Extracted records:
####################

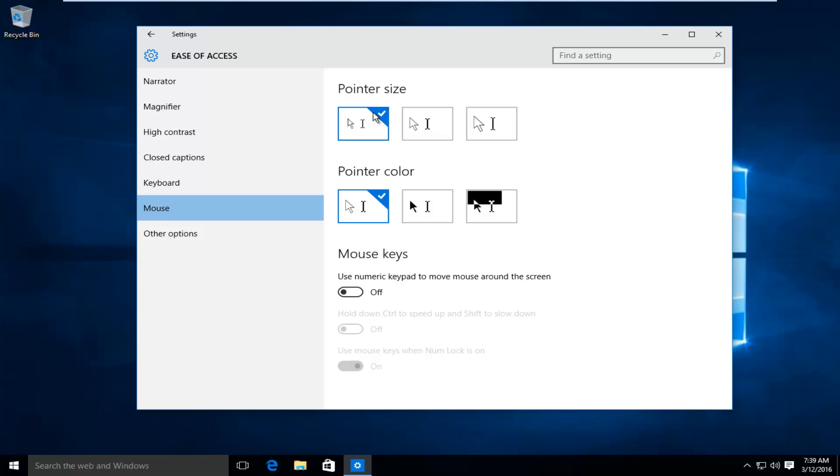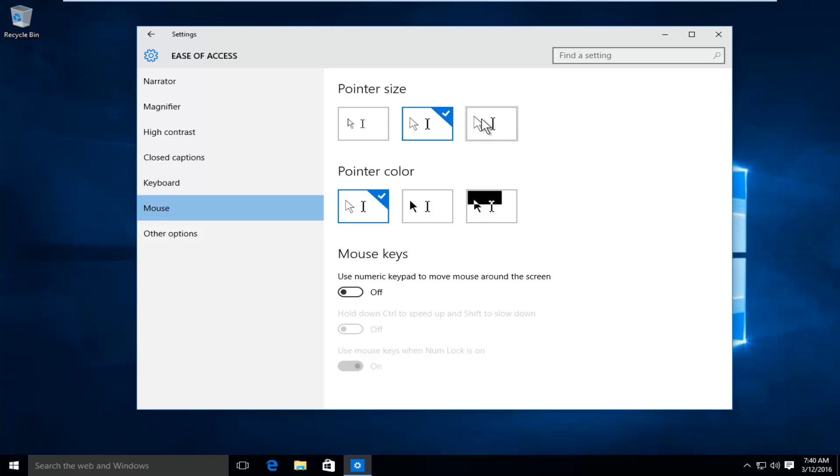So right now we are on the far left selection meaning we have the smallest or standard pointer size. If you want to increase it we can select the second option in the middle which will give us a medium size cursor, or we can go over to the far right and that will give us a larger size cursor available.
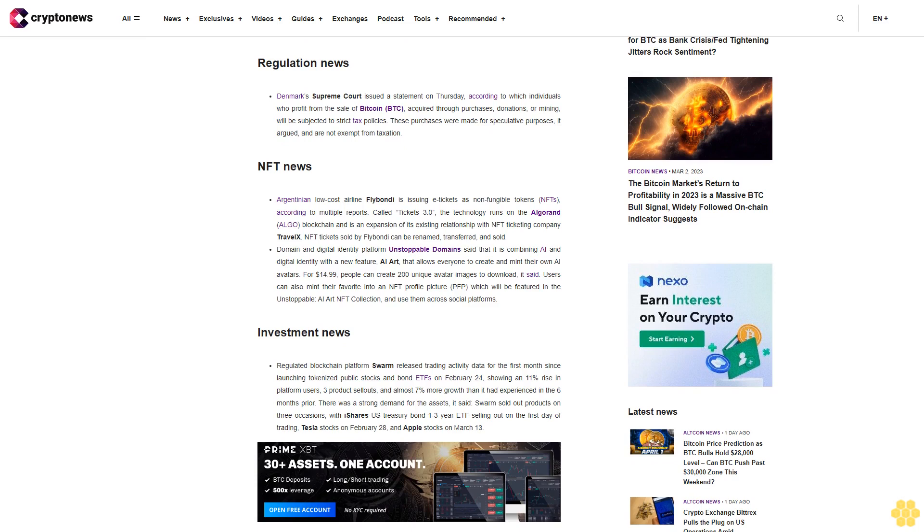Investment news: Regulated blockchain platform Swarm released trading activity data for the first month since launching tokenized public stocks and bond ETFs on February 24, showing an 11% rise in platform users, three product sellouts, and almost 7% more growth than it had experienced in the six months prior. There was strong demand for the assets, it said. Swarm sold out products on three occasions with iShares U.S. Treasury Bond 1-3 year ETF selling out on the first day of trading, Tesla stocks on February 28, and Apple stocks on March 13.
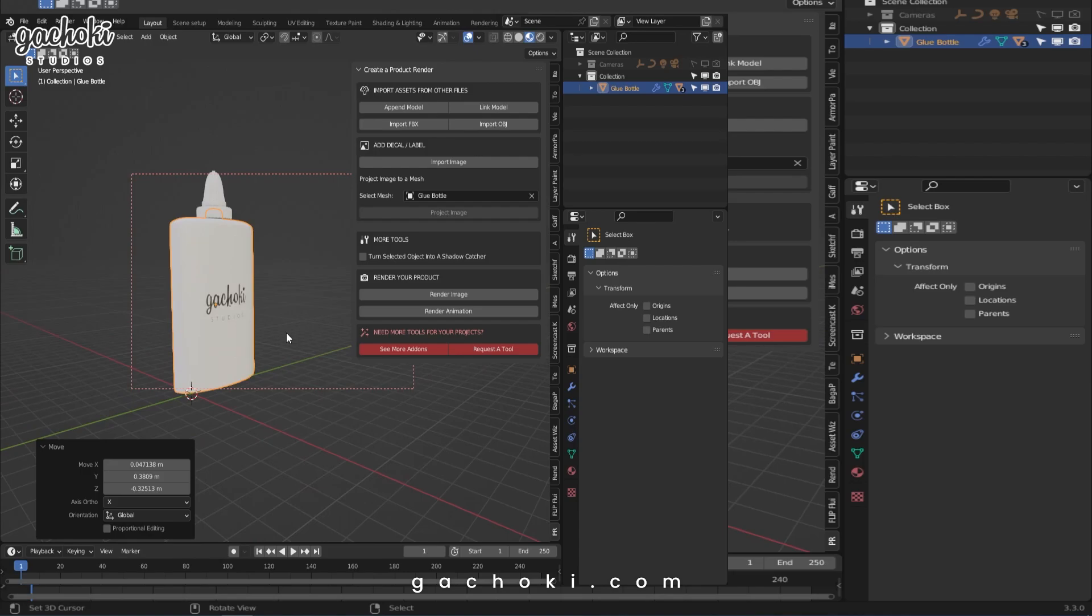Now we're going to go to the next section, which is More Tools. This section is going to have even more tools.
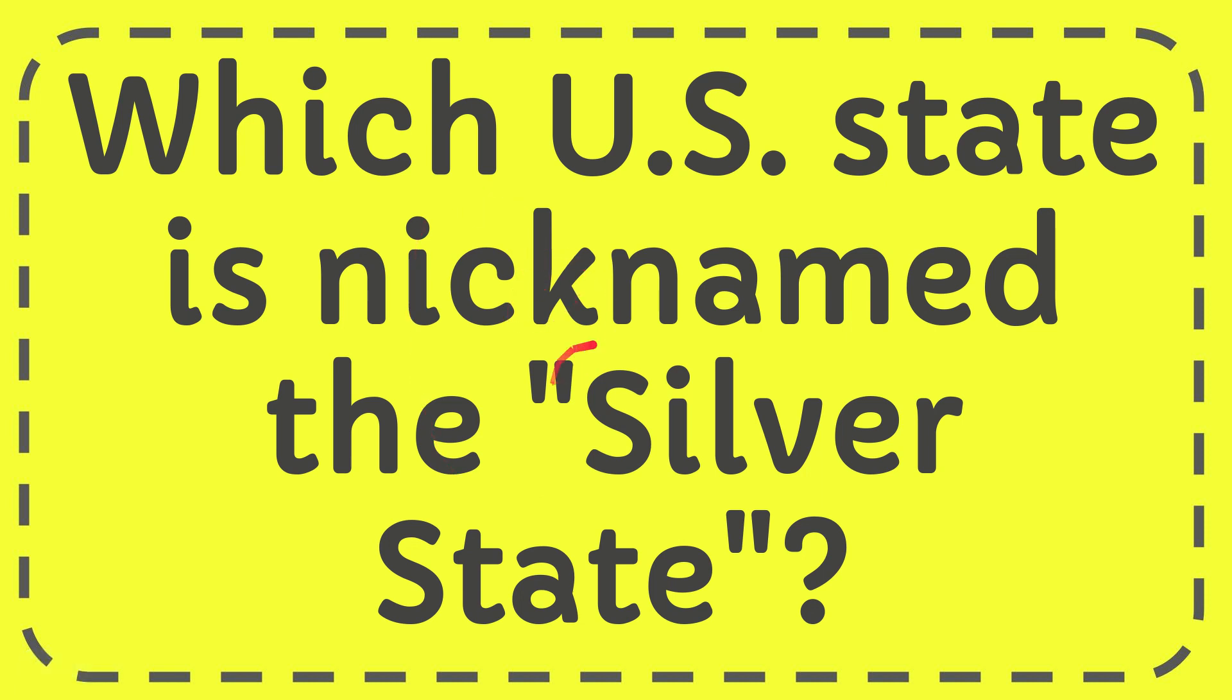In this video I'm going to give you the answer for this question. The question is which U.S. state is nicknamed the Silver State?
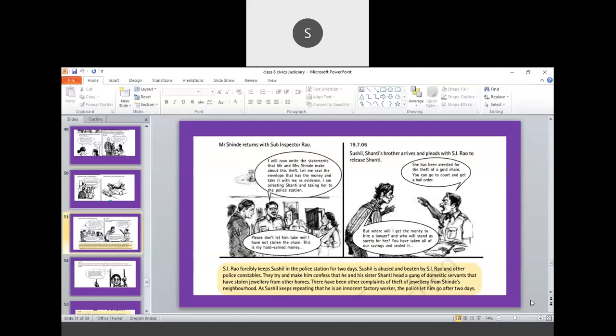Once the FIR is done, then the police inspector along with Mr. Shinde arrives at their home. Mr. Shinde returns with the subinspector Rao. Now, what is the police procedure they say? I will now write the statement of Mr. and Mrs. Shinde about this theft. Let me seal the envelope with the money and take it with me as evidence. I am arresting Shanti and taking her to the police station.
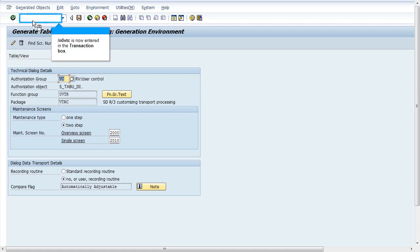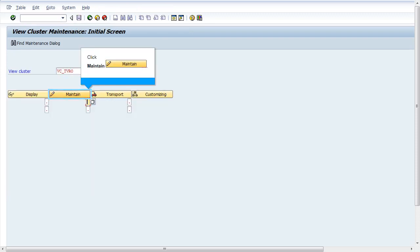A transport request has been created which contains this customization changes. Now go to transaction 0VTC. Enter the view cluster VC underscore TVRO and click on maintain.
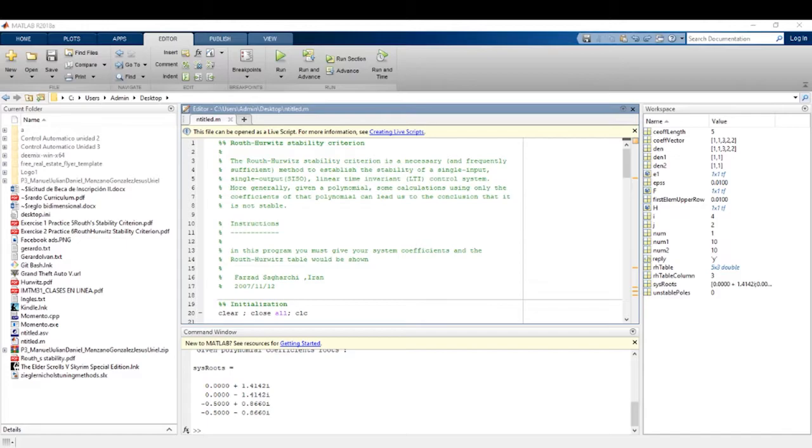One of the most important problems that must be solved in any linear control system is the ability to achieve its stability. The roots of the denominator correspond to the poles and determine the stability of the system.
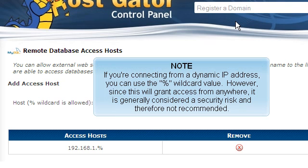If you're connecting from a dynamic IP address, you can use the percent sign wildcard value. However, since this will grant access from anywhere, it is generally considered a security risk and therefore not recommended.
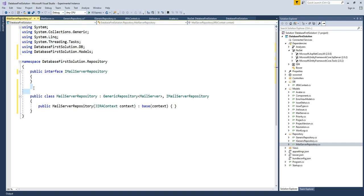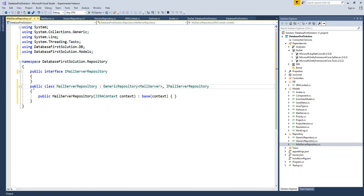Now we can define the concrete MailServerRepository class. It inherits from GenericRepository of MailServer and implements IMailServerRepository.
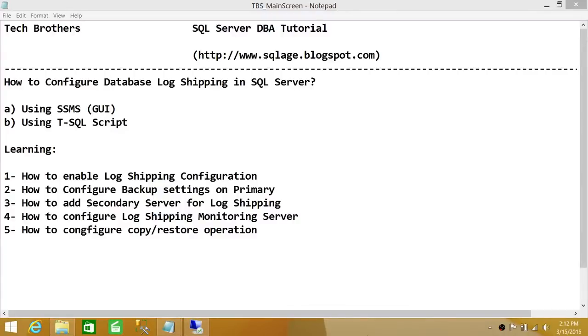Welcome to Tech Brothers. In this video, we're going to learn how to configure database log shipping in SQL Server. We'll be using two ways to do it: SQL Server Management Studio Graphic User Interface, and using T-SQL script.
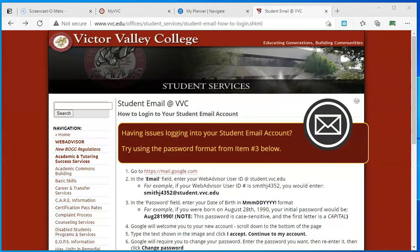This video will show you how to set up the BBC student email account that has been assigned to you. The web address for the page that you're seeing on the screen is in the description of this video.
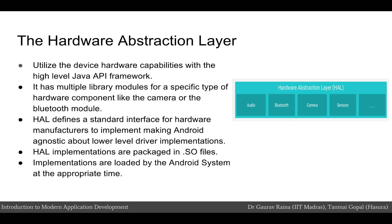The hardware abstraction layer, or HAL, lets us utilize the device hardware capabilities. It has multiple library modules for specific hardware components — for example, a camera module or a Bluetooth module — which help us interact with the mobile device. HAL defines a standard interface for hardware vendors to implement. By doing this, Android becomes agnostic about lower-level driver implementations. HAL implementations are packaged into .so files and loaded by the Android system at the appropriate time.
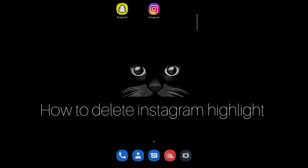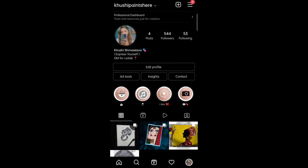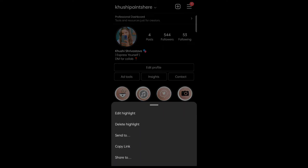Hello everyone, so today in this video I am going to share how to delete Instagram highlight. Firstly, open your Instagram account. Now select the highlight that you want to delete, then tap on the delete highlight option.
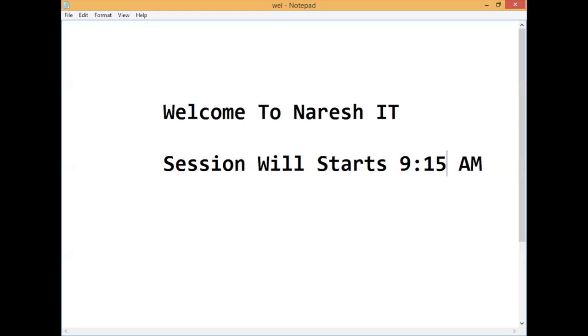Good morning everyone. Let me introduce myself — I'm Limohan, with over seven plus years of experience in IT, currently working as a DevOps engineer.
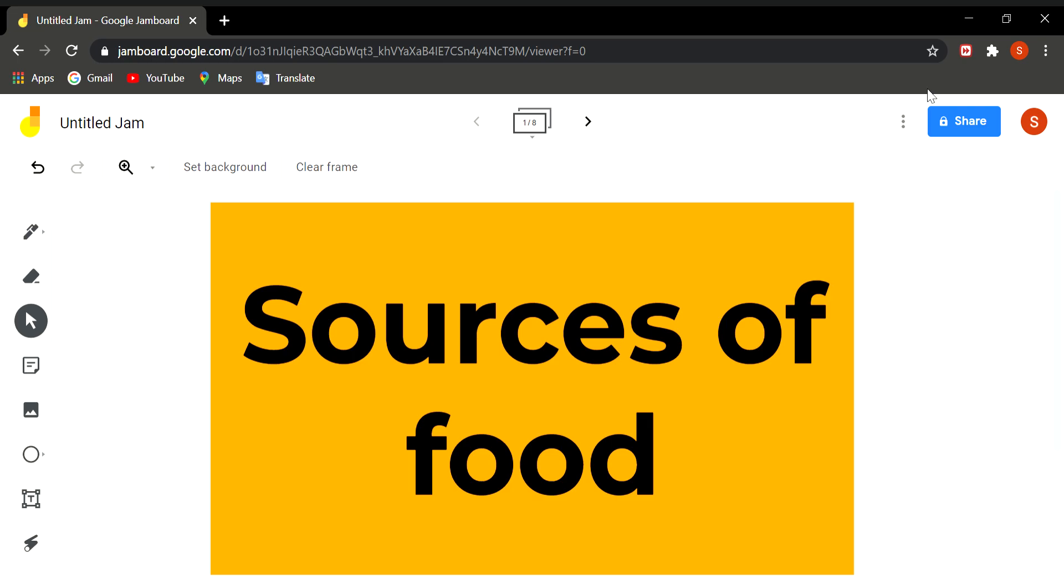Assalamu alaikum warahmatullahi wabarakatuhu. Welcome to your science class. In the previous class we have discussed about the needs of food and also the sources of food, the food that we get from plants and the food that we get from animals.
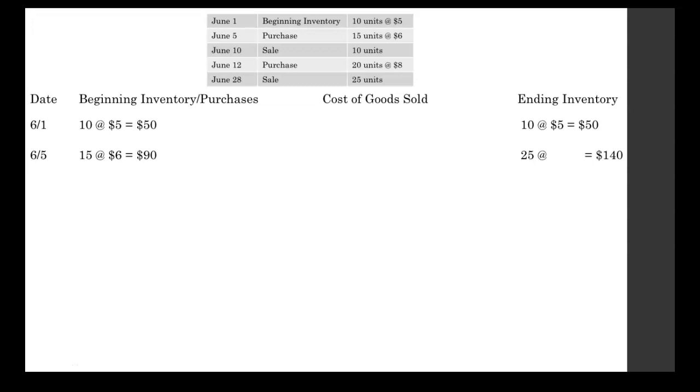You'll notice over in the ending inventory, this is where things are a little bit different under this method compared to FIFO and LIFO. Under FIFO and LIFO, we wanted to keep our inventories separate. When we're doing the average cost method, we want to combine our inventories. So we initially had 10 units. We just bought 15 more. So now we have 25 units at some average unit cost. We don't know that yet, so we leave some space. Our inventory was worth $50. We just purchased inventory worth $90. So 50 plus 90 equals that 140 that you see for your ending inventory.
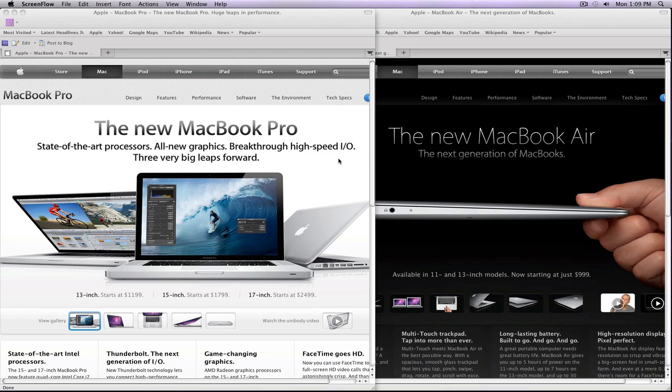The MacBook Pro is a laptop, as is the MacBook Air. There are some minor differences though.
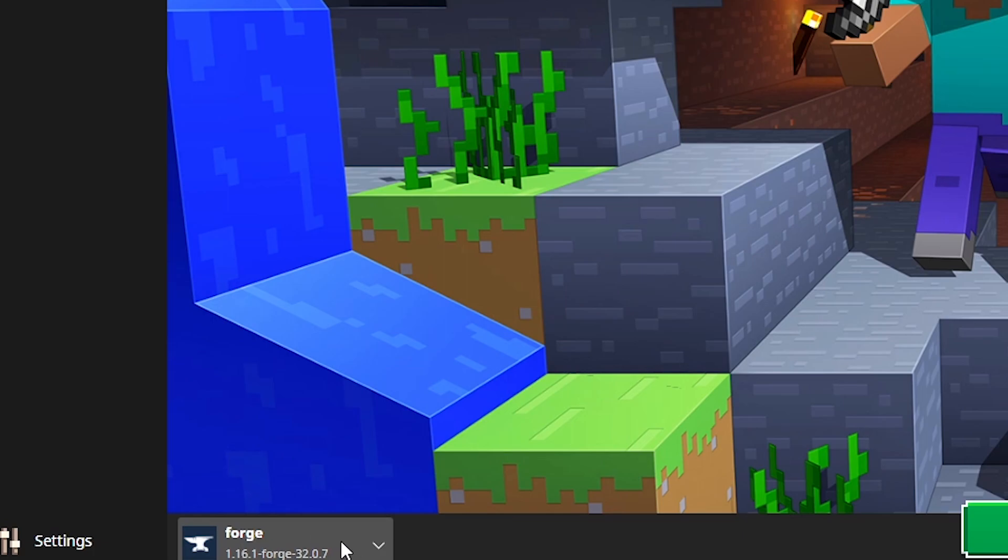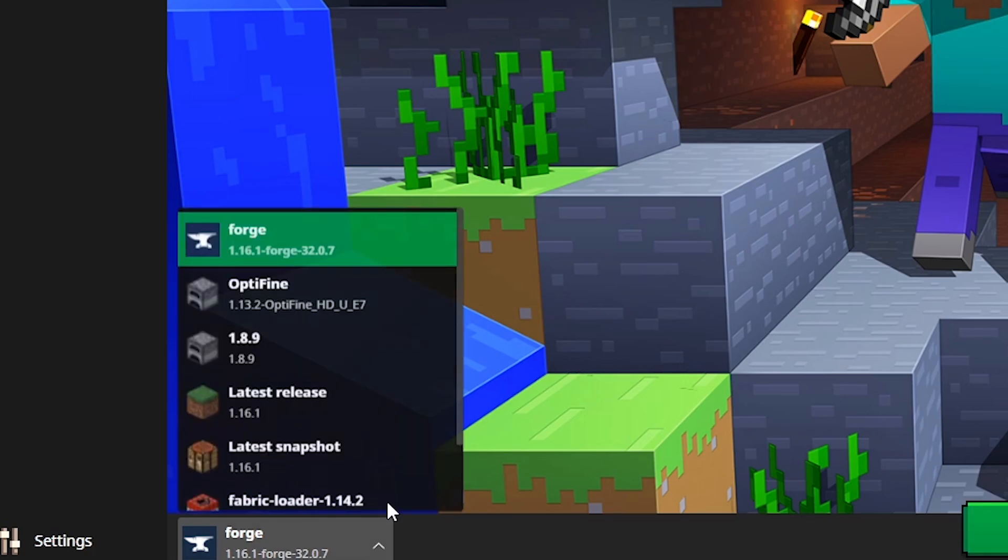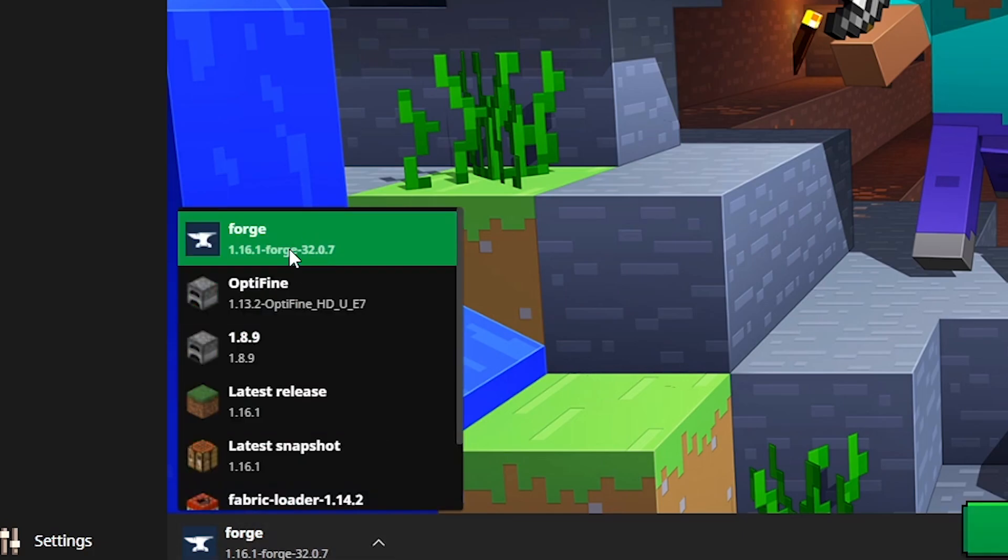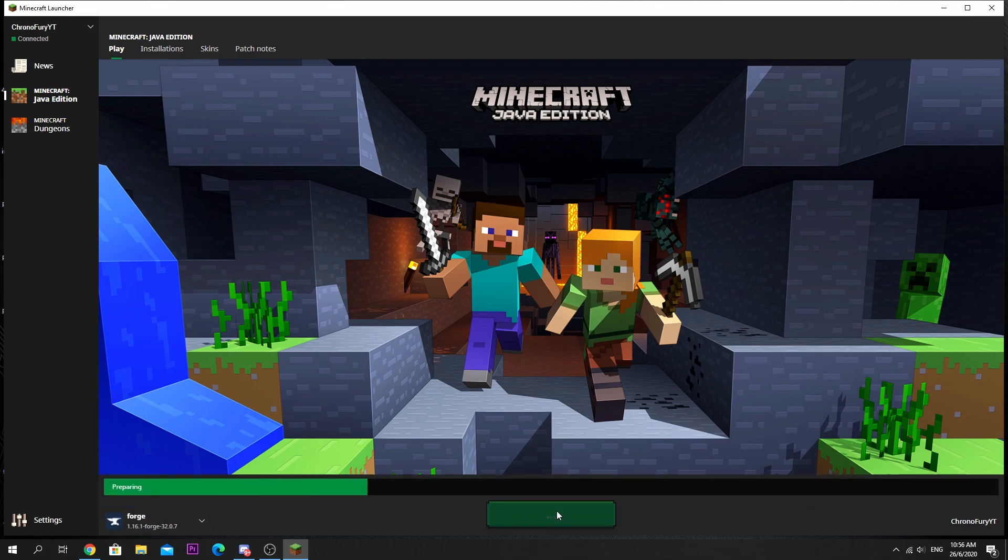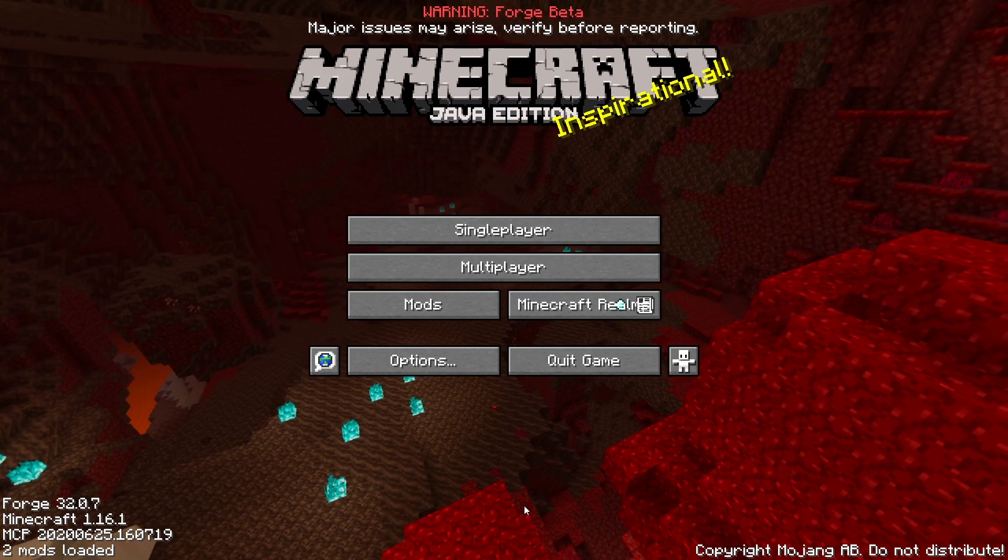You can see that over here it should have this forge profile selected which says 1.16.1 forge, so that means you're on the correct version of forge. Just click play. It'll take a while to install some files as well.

####################

Copy each entry exactly as written. Images should not appear in the copy.

TASK RESULT:
So right now we are on the far left selection meaning we have the smallest or standard pointer size. If you want to increase it we can select the second option in the middle which will give us a medium size cursor, or we can go over to the far right and that will give us a larger size cursor available.
Investment news: Regulated blockchain platform Swarm released trading activity data for the first month since launching tokenized public stocks and bond ETFs on February 24, showing an 11% rise in platform users, three product sellouts, and almost 7% more growth than it had experienced in the six months prior. There was strong demand for the assets, it said. Swarm sold out products on three occasions with iShares U.S. Treasury Bond 1-3 year ETF selling out on the first day of trading, Tesla stocks on February 28, and Apple stocks on March 13.
Now we're going to go to the next section, which is More Tools. This section is going to have even more tools.
In this video I'm going to give you the answer for this question. The question is which U.S. state is nicknamed the Silver State?
Once the FIR is done, then the police inspector along with Mr. Shinde arrives at their home. Mr. Shinde returns with the subinspector Rao. Now, what is the police procedure they say? I will now write the statement of Mr. and Mrs. Shinde about this theft. Let me seal the envelope with the money and take it with me as evidence. I am arresting Shanti and taking her to the police station.
A transport request has been created which contains this customization changes. Now go to transaction 0VTC. Enter the view cluster VC underscore TVRO and click on maintain.
One of the most important problems that must be solved in any linear control system is the ability to achieve its stability. The roots of the denominator correspond to the poles and determine the stability of the system.
If you're connecting from a dynamic IP address, you can use the percent sign wildcard value. However, since this will grant access from anywhere, it is generally considered a security risk and therefore not recommended.
Now we can define the concrete MailServerRepository class. It inherits from GenericRepository of MailServer and implements IMailServerRepository.
Welcome to Tech Brothers. In this video, we're going to learn how to configure database log shipping in SQL Server. We'll be using two ways to do it: SQL Server Management Studio Graphic User Interface, and using T-SQL script.
This video will show you how to set up the BBC student email account that has been assigned to you. The web address for the page that you're seeing on the screen is in the description of this video.
The hardware abstraction layer, or HAL, lets us utilize the device hardware capabilities. It has multiple library modules for specific hardware components — for example, a camera module or a Bluetooth module — which help us interact with the mobile device. HAL defines a standard interface for hardware vendors to implement. By doing this, Android becomes agnostic about lower-level driver implementations. HAL implementations are packaged into .so files and loaded by the Android system at the appropriate time.
Hello everyone, so today in this video I am going to share how to delete Instagram highlight. Firstly, open your Instagram account. Now select the highlight that you want to delete, then tap on the delete highlight option.
Good morning everyone. Let me introduce myself — I'm Limohan, with over seven plus years of experience in IT, currently working as a DevOps engineer.
Assalamu alaikum warahmatullahi wabarakatuhu. Welcome to your science class. In the previous class we have discussed about the needs of food and also the sources of food, the food that we get from plants and the food that we get from animals.
You'll notice over in the ending inventory, this is where things are a little bit different under this method compared to FIFO and LIFO. Under FIFO and LIFO, we wanted to keep our inventories separate. When we're doing the average cost method, we want to combine our inventories. So we initially had 10 units. We just bought 15 more. So now we have 25 units at some average unit cost. We don't know that yet, so we leave some space. Our inventory was worth $50. We just purchased inventory worth $90. So 50 plus 90 equals that 140 that you see for your ending inventory.
The MacBook Pro is a laptop, as is the MacBook Air. There are some minor differences though.
You can see that over here it should have this forge profile selected which says 1.16.1 forge, so that means you're on the correct version of forge. Just click play. It'll take a while to install some files as well.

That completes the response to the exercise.